After that, there wasn’t much to do except pick up my (exorbitantly priced) shampoo, console myself with candy corn, take my new favorite doc’s advice, and wait. But I did ignore one piece of his guidance. He said cutting my hair wouldn’t help, but I’d had enough of finding it everywhere. So I marched myself into the salon, told the stylist to take it all off, and emerged with a new ‘do.
Having taken some decisive action, I immediately felt less “psychologically damaged.”
A couple days later, the doctor’s receptionist called. “Your ferritin levels are low,” she said. “You need to take iron.”
Though they aren’t so low as to be out of the reference (normal) range, it seems they are low enough to be of dermatological concern. Some kind of nonstandard iron deficiency might also—I’m conjecturing, i.e., making this up—explain why I’ve never gotten that mystical gluten-free energy boost.
But who knows? I ordered my 324 mgs, and I’ll let you know in six months.

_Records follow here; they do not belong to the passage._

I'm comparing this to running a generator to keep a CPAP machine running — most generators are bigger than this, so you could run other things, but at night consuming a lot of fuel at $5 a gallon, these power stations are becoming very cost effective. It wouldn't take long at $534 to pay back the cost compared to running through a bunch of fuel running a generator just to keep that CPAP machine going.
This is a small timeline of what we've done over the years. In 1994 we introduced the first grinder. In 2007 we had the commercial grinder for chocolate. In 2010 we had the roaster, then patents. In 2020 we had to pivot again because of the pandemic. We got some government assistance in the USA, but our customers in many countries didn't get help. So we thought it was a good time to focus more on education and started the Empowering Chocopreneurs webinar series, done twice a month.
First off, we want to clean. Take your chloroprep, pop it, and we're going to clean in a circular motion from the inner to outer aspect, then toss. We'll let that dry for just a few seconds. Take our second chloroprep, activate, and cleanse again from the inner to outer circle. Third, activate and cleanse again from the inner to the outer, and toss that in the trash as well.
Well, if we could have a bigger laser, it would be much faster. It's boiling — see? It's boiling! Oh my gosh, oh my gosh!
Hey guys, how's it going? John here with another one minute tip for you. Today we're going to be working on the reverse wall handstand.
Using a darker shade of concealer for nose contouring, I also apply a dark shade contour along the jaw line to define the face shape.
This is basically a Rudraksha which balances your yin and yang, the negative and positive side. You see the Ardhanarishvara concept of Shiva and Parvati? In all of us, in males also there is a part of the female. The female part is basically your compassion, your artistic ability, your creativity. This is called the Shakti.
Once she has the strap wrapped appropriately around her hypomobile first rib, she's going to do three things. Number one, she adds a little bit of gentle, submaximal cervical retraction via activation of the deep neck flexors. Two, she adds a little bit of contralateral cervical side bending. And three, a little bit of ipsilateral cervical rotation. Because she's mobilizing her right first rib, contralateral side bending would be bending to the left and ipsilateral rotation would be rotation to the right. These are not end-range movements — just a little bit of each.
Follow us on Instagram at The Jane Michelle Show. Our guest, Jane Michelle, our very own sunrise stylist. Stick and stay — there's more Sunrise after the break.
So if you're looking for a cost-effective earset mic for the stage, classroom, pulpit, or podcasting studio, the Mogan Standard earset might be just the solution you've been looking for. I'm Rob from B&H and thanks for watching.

Till then, I’ll be rocking my new lack of hair. It’s a boon, really, because it opens the door to a whole new world of Halloween costumes, like this one:
Happy Halloween eve! May you receive only treats, no mean dermatological tricks.
Have you ever experienced hair loss from celiac, or from something else? How do you cope? And what are you dressing up as for Halloween tomorrow?